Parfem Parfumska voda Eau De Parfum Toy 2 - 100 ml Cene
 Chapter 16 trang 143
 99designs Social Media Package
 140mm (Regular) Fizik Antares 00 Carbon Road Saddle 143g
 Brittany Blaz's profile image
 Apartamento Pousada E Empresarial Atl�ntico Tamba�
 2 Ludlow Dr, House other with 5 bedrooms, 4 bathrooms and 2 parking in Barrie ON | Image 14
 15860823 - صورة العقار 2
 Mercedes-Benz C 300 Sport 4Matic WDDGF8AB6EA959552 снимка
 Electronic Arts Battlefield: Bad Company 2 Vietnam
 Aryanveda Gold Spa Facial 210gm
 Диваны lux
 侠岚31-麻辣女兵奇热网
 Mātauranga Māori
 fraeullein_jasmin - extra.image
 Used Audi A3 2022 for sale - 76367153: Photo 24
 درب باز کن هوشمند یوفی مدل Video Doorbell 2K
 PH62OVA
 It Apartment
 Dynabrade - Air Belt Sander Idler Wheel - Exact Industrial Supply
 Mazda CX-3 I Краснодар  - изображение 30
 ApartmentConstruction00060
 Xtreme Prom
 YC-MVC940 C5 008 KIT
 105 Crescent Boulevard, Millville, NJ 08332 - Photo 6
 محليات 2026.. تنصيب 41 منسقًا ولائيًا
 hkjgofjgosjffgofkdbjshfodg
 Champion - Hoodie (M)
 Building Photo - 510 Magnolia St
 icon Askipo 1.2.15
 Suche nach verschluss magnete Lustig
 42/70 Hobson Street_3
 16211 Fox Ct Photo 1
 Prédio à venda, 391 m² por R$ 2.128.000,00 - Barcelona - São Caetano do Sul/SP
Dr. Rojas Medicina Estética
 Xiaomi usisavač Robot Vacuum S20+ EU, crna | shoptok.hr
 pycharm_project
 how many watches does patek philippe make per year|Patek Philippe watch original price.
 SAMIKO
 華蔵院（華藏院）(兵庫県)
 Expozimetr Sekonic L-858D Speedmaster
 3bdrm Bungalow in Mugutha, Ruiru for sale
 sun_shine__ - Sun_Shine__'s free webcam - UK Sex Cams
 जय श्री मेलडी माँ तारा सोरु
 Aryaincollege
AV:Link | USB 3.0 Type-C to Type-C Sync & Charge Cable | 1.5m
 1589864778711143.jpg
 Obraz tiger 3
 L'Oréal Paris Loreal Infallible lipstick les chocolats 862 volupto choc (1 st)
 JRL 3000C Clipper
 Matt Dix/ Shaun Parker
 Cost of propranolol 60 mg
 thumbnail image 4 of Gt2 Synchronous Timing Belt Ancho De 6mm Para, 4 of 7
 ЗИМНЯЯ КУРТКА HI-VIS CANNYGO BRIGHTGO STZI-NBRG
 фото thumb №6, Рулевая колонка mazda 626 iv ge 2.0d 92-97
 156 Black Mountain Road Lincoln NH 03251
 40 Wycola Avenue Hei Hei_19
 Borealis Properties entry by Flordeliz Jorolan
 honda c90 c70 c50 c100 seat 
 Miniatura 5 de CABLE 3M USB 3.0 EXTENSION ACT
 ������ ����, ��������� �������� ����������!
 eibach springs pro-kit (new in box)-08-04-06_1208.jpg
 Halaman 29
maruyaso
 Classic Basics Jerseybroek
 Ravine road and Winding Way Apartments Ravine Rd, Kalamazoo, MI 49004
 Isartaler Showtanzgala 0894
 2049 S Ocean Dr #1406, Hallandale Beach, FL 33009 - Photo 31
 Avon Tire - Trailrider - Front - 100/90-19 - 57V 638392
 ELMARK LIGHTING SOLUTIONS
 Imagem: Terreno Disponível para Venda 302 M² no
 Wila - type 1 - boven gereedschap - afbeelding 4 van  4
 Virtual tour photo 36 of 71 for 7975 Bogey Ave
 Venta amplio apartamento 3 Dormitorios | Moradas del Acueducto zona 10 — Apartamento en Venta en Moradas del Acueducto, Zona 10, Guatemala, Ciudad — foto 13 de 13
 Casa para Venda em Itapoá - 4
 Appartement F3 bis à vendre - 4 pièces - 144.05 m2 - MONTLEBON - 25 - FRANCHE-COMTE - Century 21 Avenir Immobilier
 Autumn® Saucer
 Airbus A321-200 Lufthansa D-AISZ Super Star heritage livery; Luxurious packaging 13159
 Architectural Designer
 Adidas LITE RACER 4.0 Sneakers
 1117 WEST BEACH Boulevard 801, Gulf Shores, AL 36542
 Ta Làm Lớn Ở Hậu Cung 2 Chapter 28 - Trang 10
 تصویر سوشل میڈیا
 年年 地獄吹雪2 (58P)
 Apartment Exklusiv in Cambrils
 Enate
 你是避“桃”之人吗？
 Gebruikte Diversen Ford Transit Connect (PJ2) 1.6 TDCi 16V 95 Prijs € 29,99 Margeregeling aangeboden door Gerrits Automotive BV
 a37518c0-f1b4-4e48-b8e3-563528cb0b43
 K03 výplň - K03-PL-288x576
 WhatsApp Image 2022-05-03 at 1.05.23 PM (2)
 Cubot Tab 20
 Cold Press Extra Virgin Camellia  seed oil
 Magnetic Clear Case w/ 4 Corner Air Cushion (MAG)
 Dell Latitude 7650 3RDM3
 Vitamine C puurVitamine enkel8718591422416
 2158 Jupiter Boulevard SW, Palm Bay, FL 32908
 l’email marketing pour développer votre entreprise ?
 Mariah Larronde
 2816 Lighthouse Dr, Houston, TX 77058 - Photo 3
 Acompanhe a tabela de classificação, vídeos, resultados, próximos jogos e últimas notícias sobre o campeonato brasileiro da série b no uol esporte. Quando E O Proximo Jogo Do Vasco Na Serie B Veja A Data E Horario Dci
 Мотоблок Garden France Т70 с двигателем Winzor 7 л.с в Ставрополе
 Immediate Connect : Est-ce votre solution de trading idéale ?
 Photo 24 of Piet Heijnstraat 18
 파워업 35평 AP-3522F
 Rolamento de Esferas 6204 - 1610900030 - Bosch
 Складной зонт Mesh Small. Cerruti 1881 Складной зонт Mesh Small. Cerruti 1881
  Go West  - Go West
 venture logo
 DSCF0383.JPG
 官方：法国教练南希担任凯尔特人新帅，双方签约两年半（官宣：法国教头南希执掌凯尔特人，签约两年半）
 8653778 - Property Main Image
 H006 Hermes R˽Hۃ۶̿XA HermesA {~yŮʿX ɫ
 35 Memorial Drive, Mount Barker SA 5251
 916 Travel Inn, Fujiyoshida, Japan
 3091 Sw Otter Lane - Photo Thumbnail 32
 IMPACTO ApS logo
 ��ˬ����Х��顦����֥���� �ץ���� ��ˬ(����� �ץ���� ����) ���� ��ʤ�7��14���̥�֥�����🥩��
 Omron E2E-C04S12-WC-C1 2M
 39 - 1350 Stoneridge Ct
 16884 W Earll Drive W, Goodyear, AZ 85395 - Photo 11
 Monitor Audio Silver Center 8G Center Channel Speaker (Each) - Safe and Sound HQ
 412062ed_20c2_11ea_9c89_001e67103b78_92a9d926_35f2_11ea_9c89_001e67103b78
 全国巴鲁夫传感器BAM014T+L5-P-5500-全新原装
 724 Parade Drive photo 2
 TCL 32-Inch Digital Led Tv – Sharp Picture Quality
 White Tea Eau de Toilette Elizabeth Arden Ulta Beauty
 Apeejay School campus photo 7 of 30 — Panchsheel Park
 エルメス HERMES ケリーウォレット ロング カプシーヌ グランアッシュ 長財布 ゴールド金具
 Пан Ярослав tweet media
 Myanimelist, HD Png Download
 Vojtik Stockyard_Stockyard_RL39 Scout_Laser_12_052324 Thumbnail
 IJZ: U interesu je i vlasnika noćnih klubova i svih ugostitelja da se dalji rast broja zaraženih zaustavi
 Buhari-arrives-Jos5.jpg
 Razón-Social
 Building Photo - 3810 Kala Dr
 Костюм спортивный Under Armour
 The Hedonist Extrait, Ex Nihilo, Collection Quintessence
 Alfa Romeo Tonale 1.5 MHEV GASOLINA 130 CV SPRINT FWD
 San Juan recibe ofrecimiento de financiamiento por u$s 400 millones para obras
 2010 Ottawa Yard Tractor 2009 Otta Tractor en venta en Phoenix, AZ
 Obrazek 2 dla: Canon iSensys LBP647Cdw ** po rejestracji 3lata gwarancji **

* * * * * * *

Task details: The lines from the one containing "Buhari-arrives-Jos5.jpg" through the last line of the material above are to be copied exactly, both ends included.

Final answer:
 Buhari-arrives-Jos5.jpg
 Razón-Social
 Building Photo - 3810 Kala Dr
 Костюм спортивный Under Armour
 The Hedonist Extrait, Ex Nihilo, Collection Quintessence
 Alfa Romeo Tonale 1.5 MHEV GASOLINA 130 CV SPRINT FWD
 San Juan recibe ofrecimiento de financiamiento por u$s 400 millones para obras
 2010 Ottawa Yard Tractor 2009 Otta Tractor en venta en Phoenix, AZ
 Obrazek 2 dla: Canon iSensys LBP647Cdw ** po rejestracji 3lata gwarancji **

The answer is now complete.